Pediatric Infectious Diseases Fellow The Hospital for Sick Children North York, Ontario, Canada
Background: Late-onset sepsis (LOS) in the Neonatal Intensive Care Unit (NICU) is associated with significant morbidity and mortality. Vancomycin is often prescribed for empiric gram-positive coverage given concerns for coagulase-negative staphylococci (CoNS) and methicillin-resistant staphylococcus aureus (MRSA). Although empiric therapy is not standardized, there is a potential role for alternative regimens such as anti-staphylococcal penicillins (e.g. cloxacillin/oxacillin/nafcillin). Objective: We aimed to better understand empiric antibiotic prescribing practices for LOS in order to inform antibiotic stewardship efforts. Design/Methods: An online survey using REDCap was distributed through the Canadian Neonatal Network and Children’s Hospitals Neonatal Consortium to 71 NICUs across Canada (n=33) and the United States (n=38). Descriptive statistics were used to summarize survey results. Results: The overall survey response rate was 52%. Most responses were from regional NICUs with on-site surgical capability (76%). Nine centers (24%) reported empiric vancomycin use in all LOS cases. Others reported empiric vancomycin use in cases of known MRSA colonization (57%), critically unwell patients (43%), previous CoNS sepsis (22%), current central lines (22%), central lines within 48 hours (19%), or multiple recent vascular access attempts (3%) (Figures 1, 2). In critically unwell patients with a central line, 76% and 27% of sites reported empiric vancomycin and anti-staphylococcal penicillin use for gram-positive coverage, respectively (Figure 3). This contrasts with responses for critically unwell patients without a central line, where 49% of sites reported empiric vancomycin and 32% reported empiric anti-staphylococcal penicillin use. For patients who are not critically unwell, these responses changed to 43% empiric vancomycin use and 51% empiric anti-staphylococcal penicillin use for those with a central line, and 16% empiric vancomycin and 52% empiric anti-staphylococcal penicillin use for those without a central line.

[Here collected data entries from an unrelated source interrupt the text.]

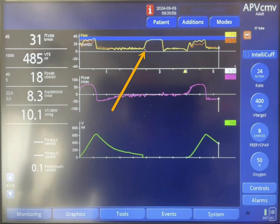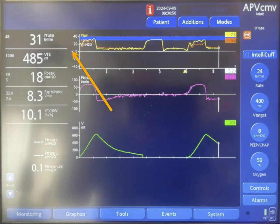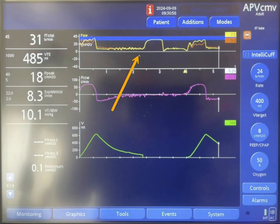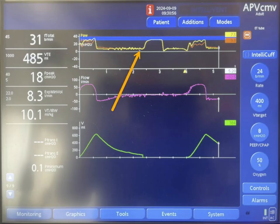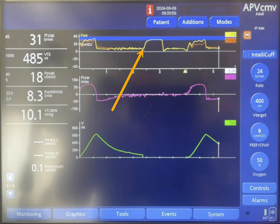This is the point where the second breath starts, and it's happening after 2.5 seconds. There are no inspiratory efforts by the patient and no negative deflection. So this is machine triggered, or time triggered.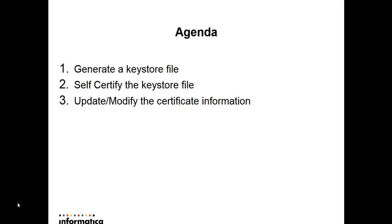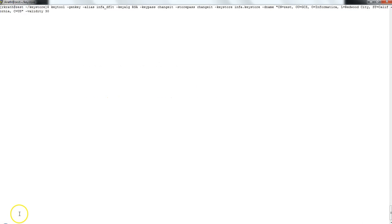To generate the KeyStore file, the KeyTool utility is used. The KeyTool utility allows users to manage private and public keys and certificates. We will be running the KeyTool utility to generate the KeyStore file. I have the command readily available with the parameters already specified, so I will not be prompted to provide any additional information.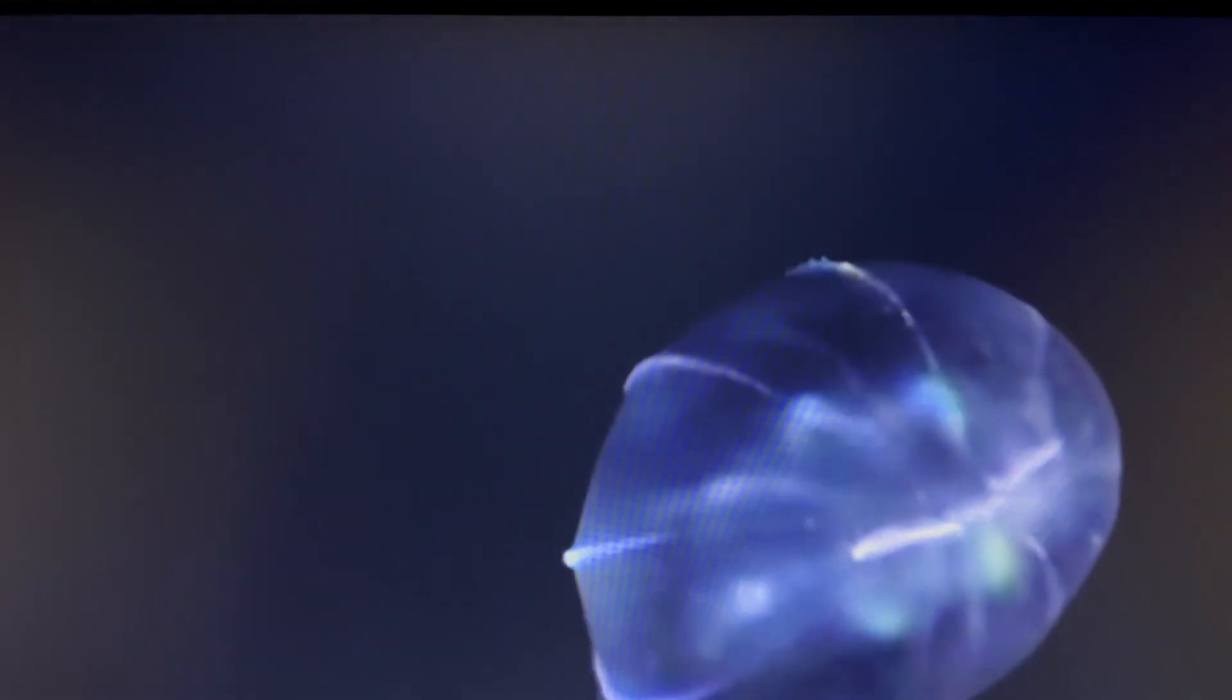The open ocean is the biggest living space on our planet. In this deep dark abyss, light, it seems, is vital, and creatures have evolved to wield it in many different ways for many different reasons.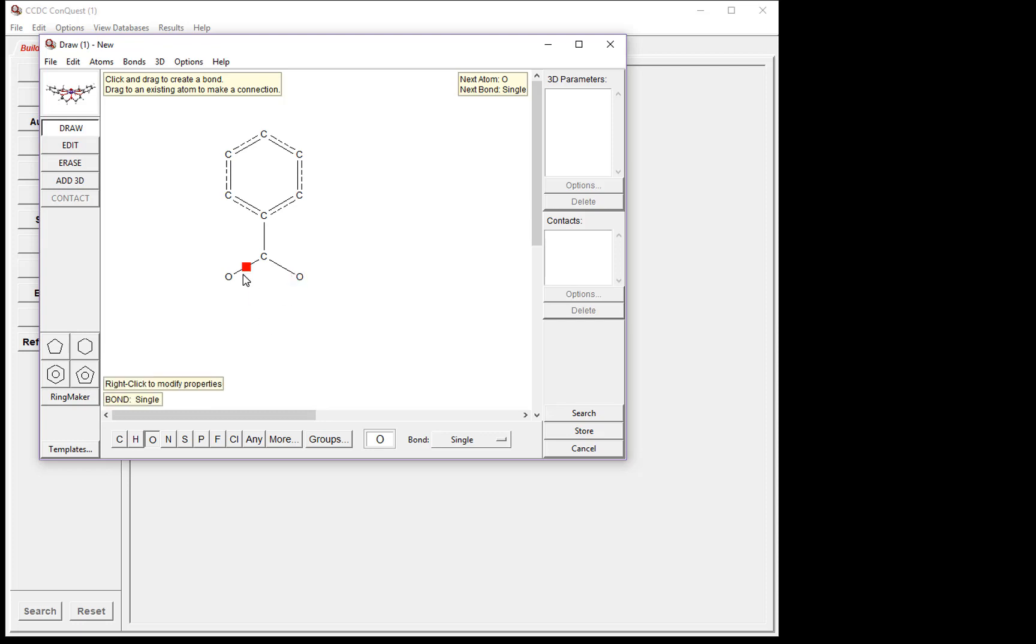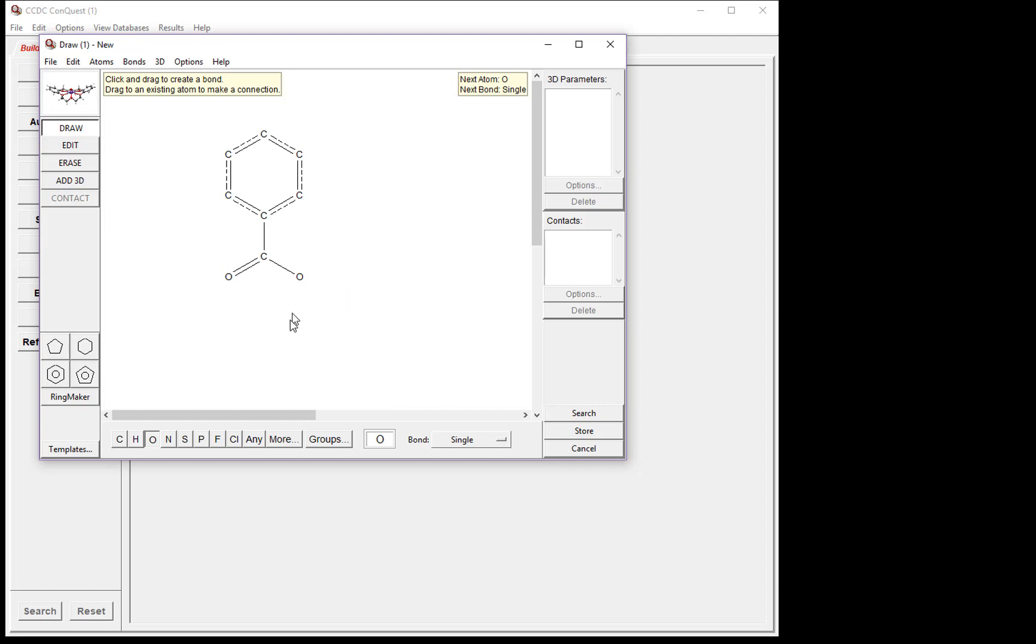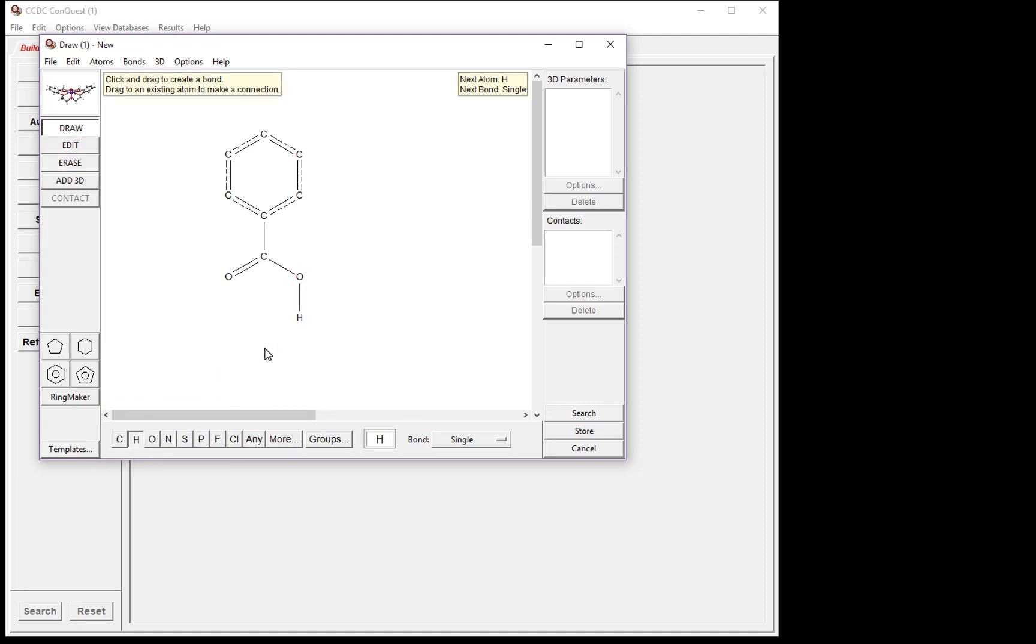One of the oxygen atoms needs a double bond. To do this, right-click on the bond and choose Type and Double. Finally, we need to add a hydrogen atom on the other oxygen. Select the hydrogen from the atoms list, click the oxygen, and drag down to create the hydrogen. Now we have our first fragment drawn.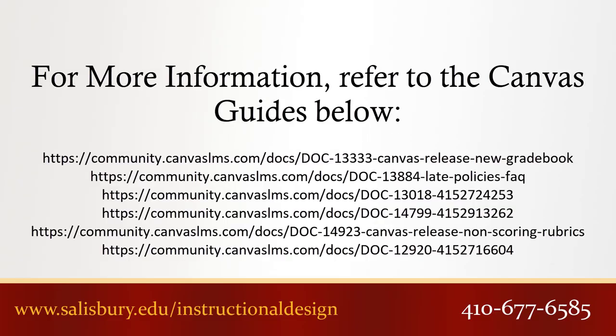Be on the lookout for more features during the semester as Canvas provides updates every three weeks. Thank you for watching this tip of the week. For more information, please refer to the following guides.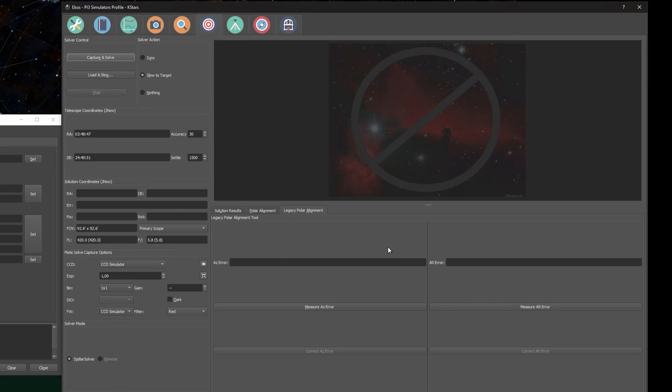Also, I just quickly wanted to show you that this legacy Polar Alignment tool is still available. This is probably not the Polar Alignment tool that you are used to in 351. This is even older than that, but it was also available in 351 and earlier.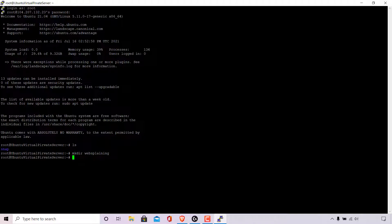To check if that directory has indeed been created, type ls and then hit enter. Previously we only had one directory called snap, and now we have two — snap and websplaining. Websplaining was the new directory that we just created.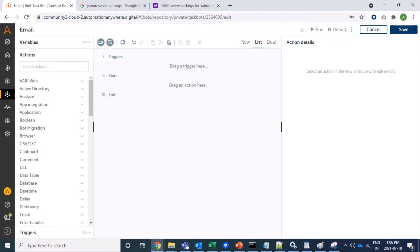Today we will learn one of the mostly used packages — the email package — which is needed for every business in every industry. In this video we will understand the Connect command. The Connect command is used for establishing connections to an email server and is used with other fetching commands like email loop, save attachments, save email, and change status.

Conclusion(s): Empiric antimicrobial regimens for LOS varied greatly between centers. The decision to initiate vancomycin or an anti-staphylococcal penicillin for empiric gram-positive coverage was center- and case-dependent. This study demonstrates the lack of standardization of care for LOS in the NICU and has the potential to inform antimicrobial stewardship efforts in both Canada and the United States.